WHAT YOU ARE ASKED TO DO:
Each line from the one holding "A cozy and minimalist" to the last line below must be restated word for word, and no picture may be included.

Stored entries:

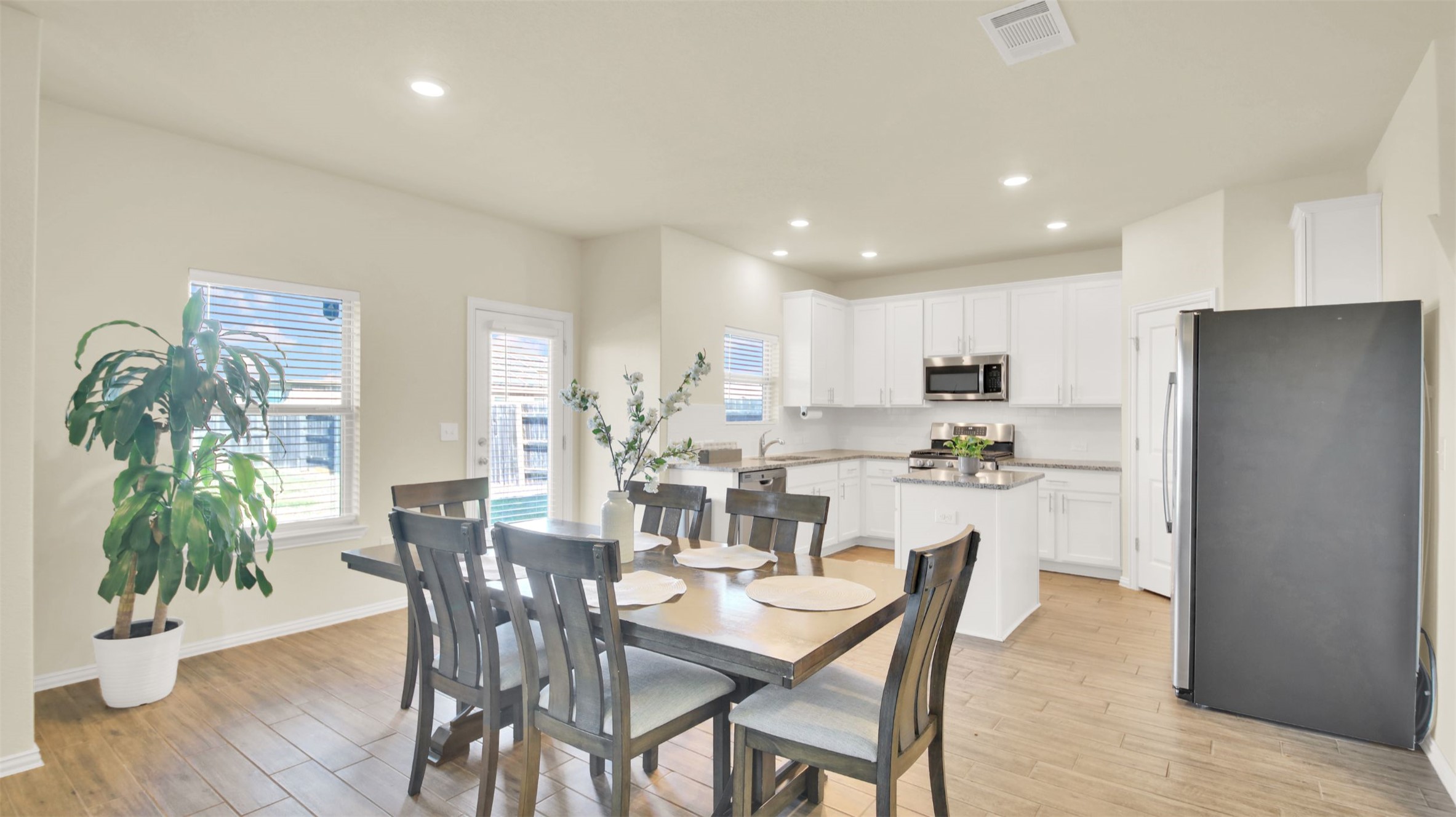 13716 Sugar Bush Path Manor, TX 78653 - Photo 20 of 37 Dining space with light wood-style floors and recessed lighting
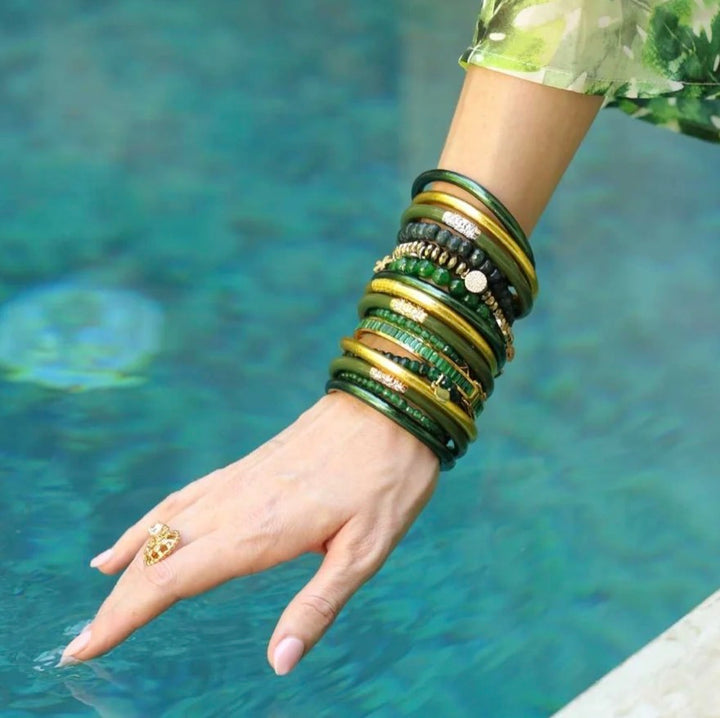Frond All Weather Bangles in green and gold, featuring an elegant waterproof design; available in sizes small, medium, large.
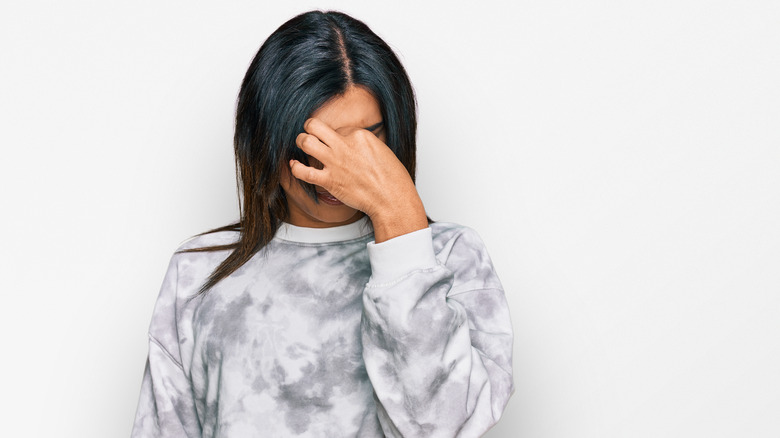 trans woman holding her head, headache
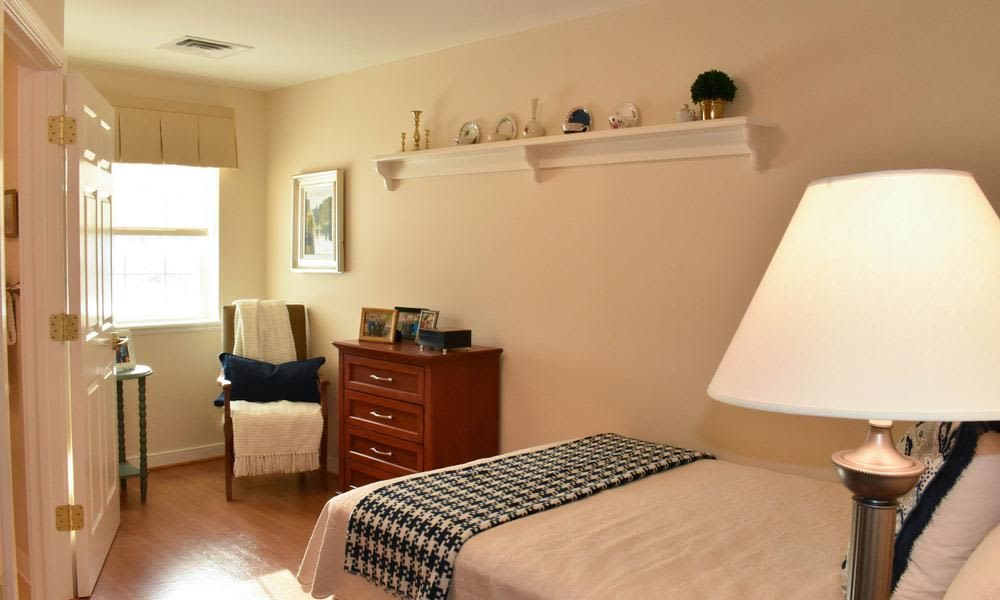 A cozy and minimalist bedroom featuring a neatly made bed, a wooden dresser, a chair by the window, and decorative items on a wall shelf.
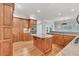 Spacious kitchen featuring wood cabinets, granite countertops, and stainless steel appliances at 5844 Brookstone Nw Walk, Acworth, GA 30101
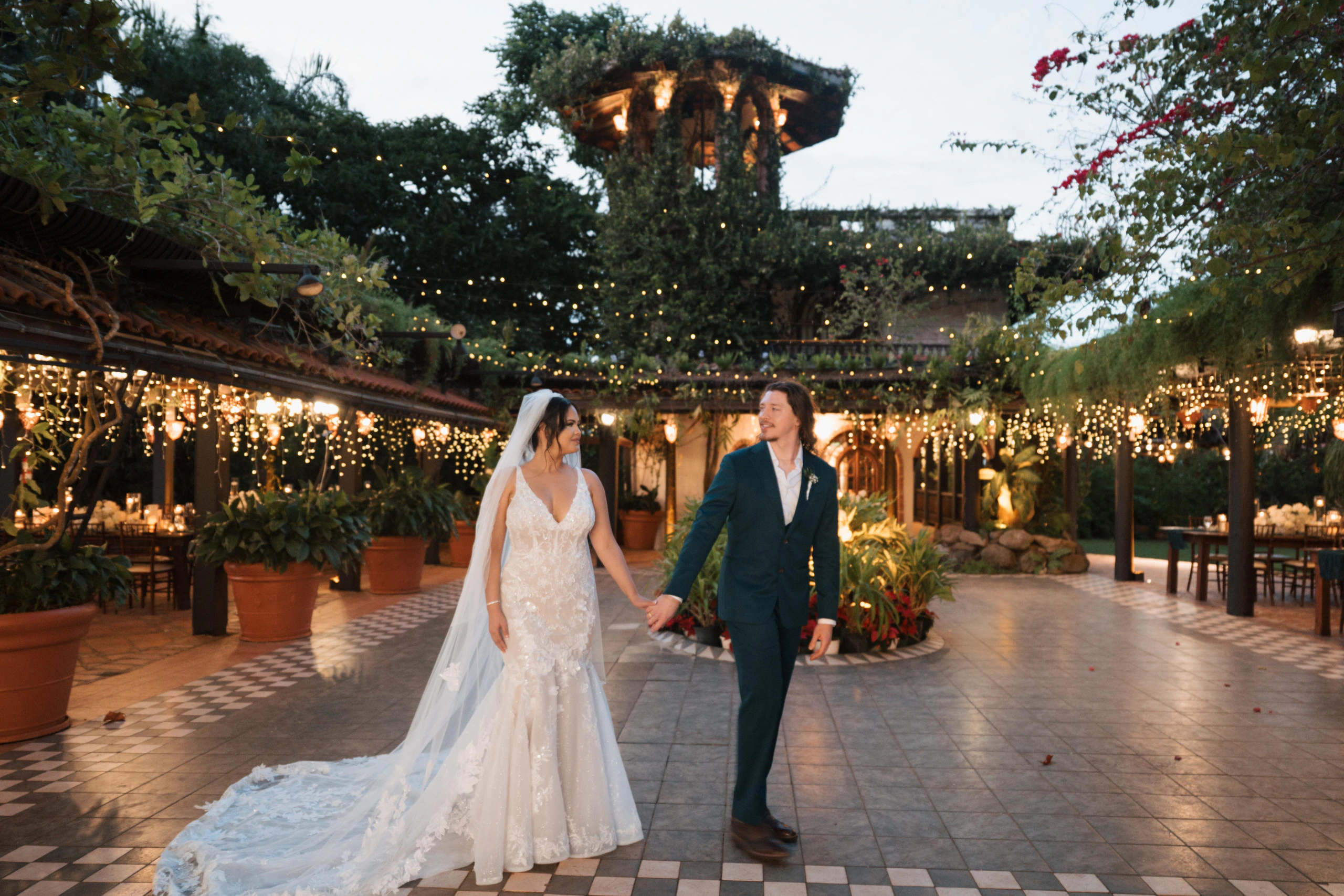 Abigail and Cody walking hand in hand through the string-lit courtyard at their Hacienda Siesta Alegre wedding in Rio Grande, Puerto Rico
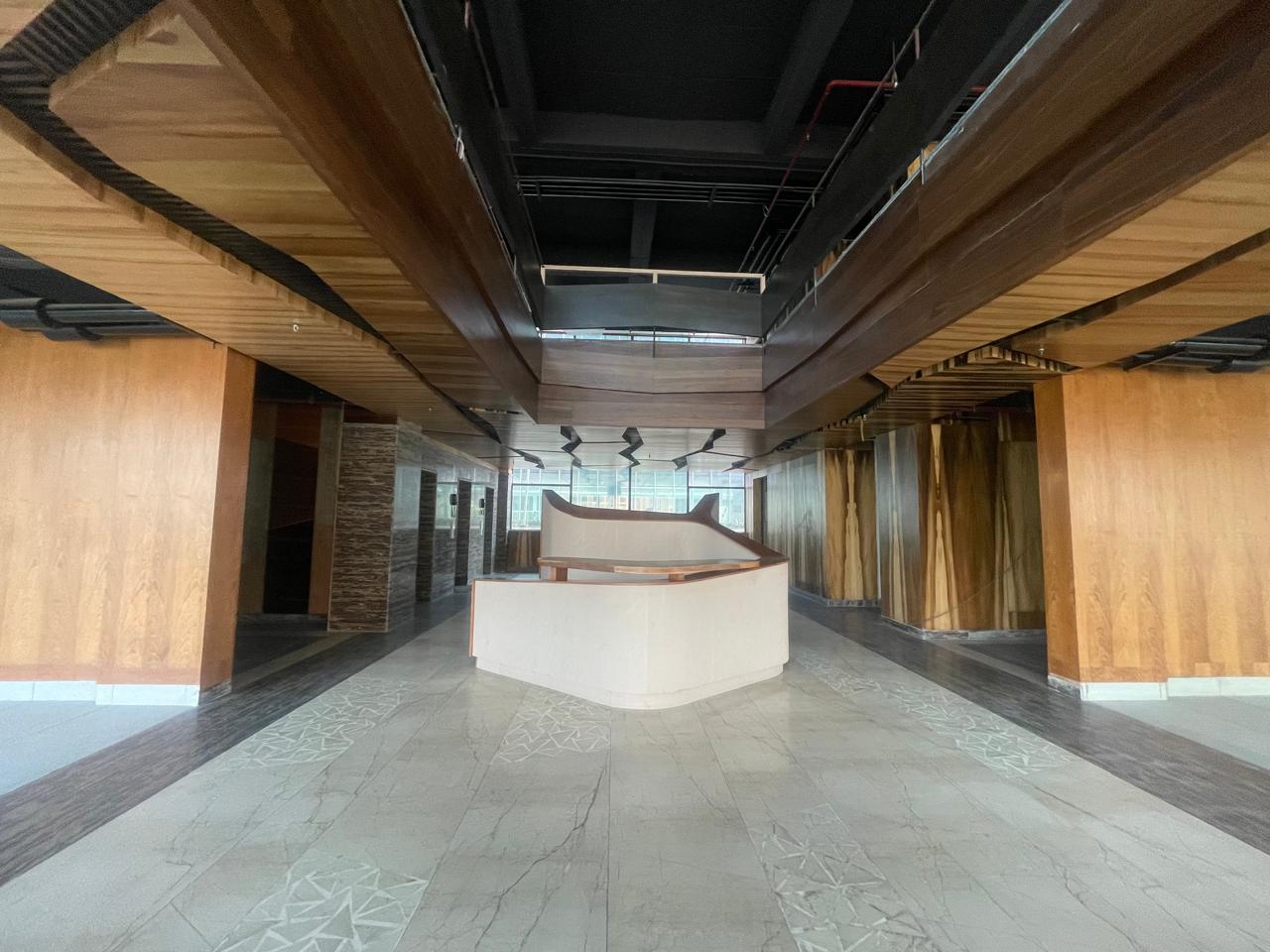 Grand lobby with double-height ceiling and wood paneling — Grade A Office Space, Sector 136 Noida
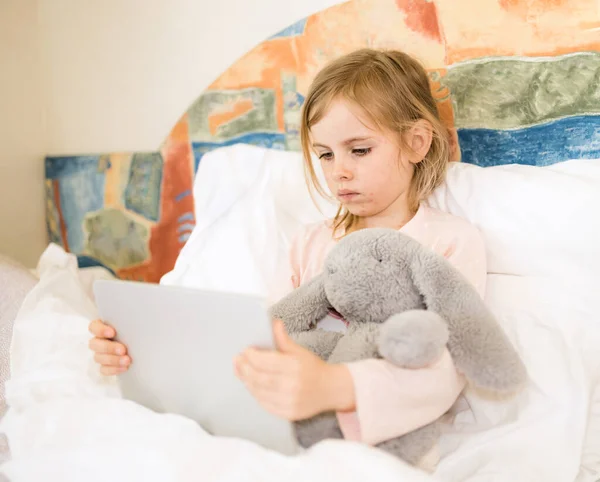 여드름을 아이가 침대에 장난감을 껴안고 있습니다 태블릿보고 바이러스 유아의 얼굴에 — 스톡 사진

WRITTEN RESPONSE:
 A cozy and minimalist bedroom featuring a neatly made bed, a wooden dresser, a chair by the window, and decorative items on a wall shelf.
 Spacious kitchen featuring wood cabinets, granite countertops, and stainless steel appliances at 5844 Brookstone Nw Walk, Acworth, GA 30101
 Abigail and Cody walking hand in hand through the string-lit courtyard at their Hacienda Siesta Alegre wedding in Rio Grande, Puerto Rico
 Grand lobby with double-height ceiling and wood paneling — Grade A Office Space, Sector 136 Noida
 여드름을 아이가 침대에 장난감을 껴안고 있습니다 태블릿보고 바이러스 유아의 얼굴에 — 스톡 사진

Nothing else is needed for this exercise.